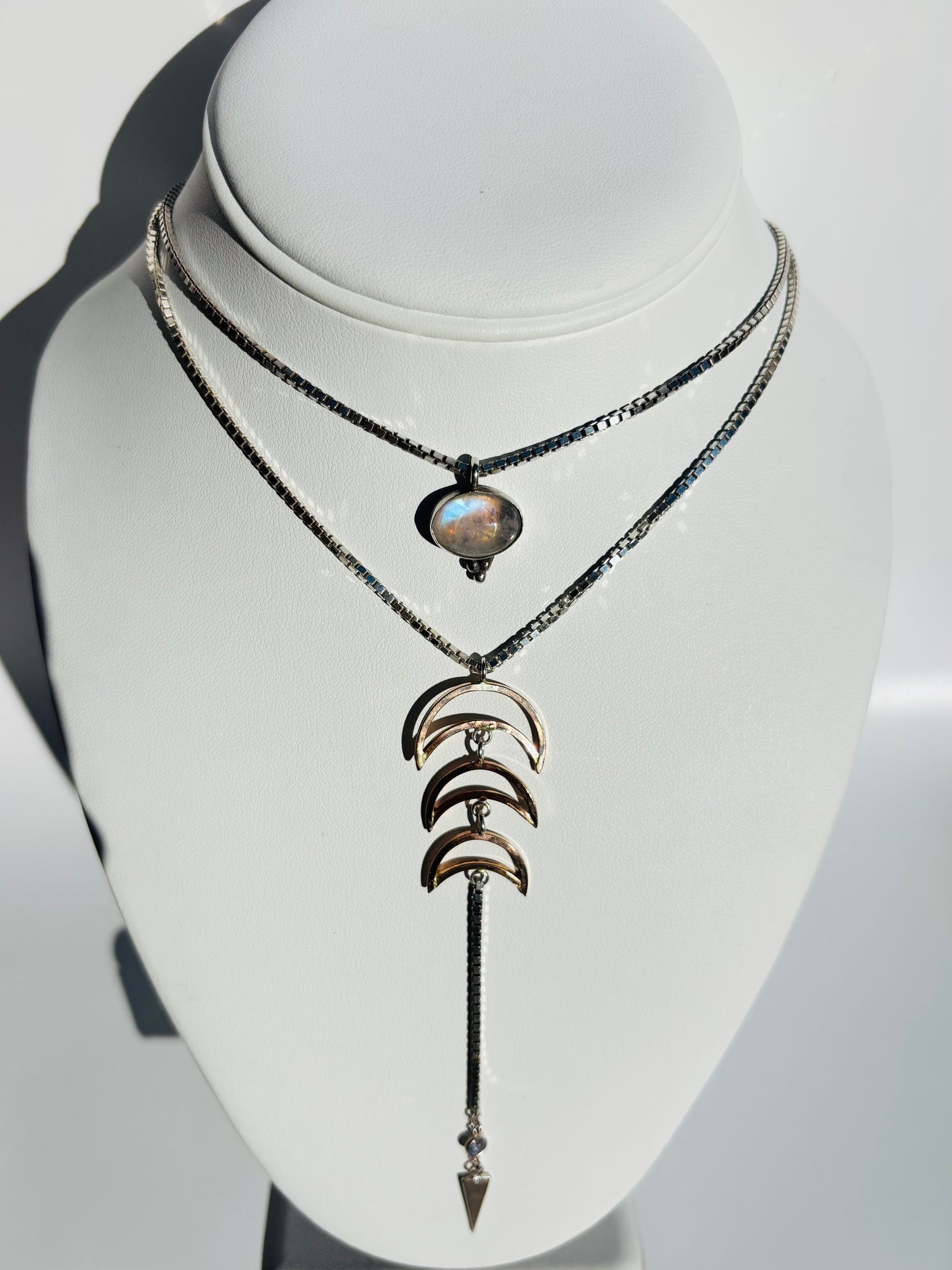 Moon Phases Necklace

--

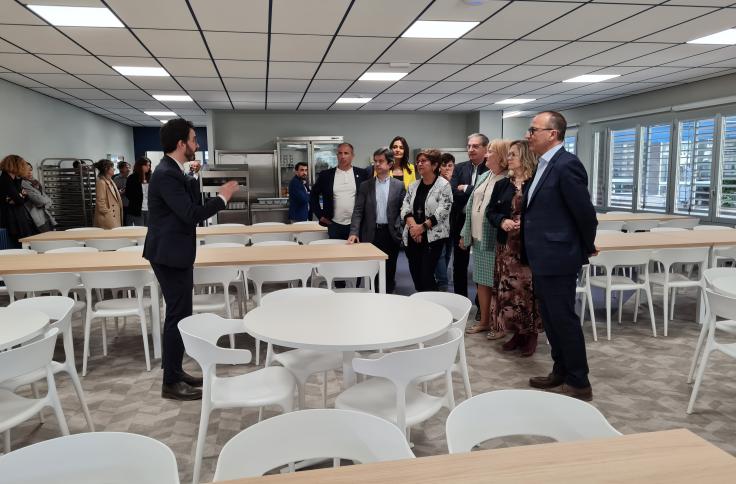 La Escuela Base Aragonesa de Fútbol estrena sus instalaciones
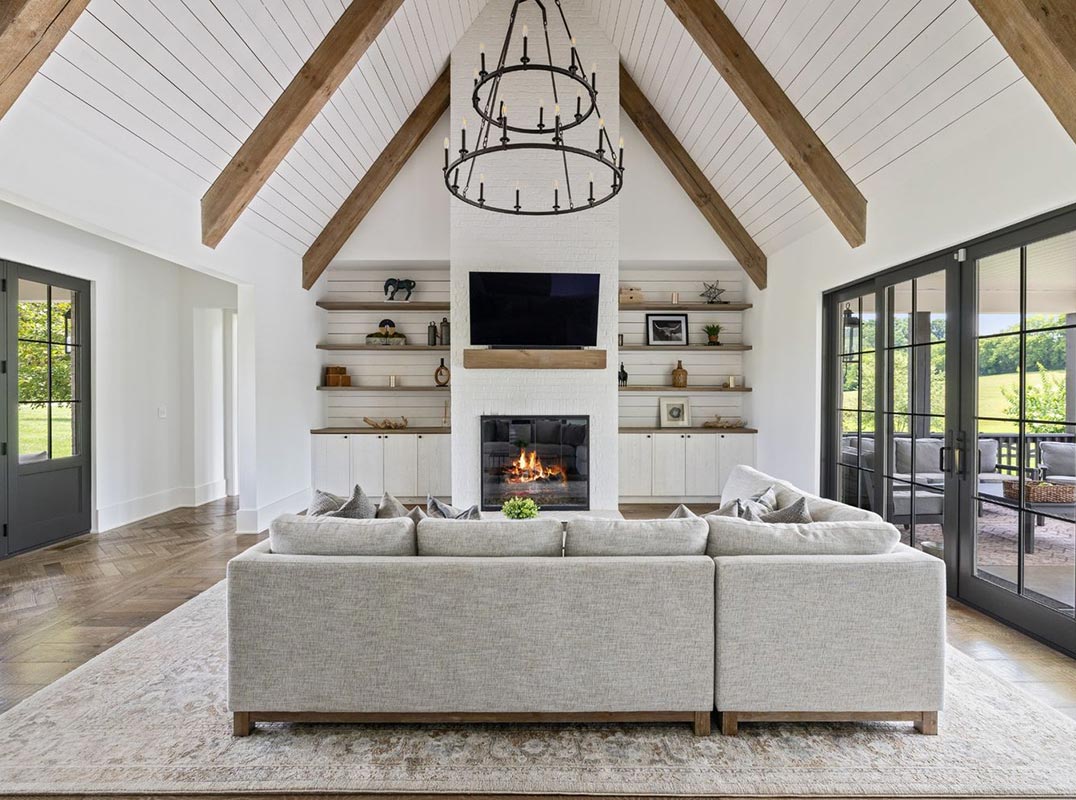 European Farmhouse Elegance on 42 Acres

---

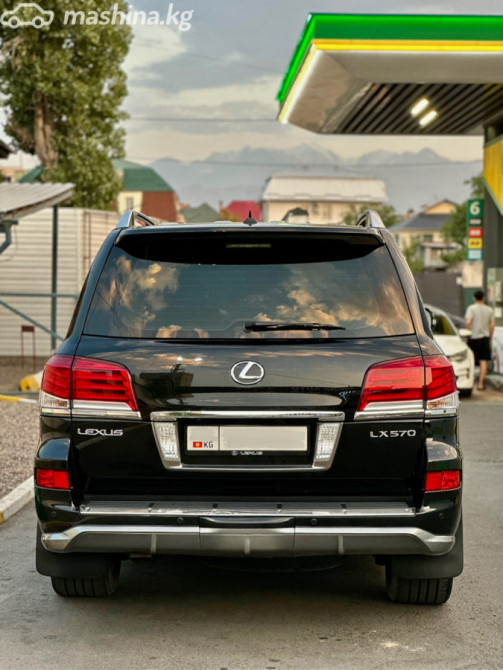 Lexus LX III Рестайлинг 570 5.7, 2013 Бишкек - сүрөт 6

▸ Your instructions: Please return the material above only from the line that holds "La Escuela Base" through the line that holds "European Farmhouse Elegance on 42 Acres", exactly as it stands, ends included and pictures omitted.

▸ Solution for this task:
 La Escuela Base Aragonesa de Fútbol estrena sus instalaciones
 European Farmhouse Elegance on 42 Acres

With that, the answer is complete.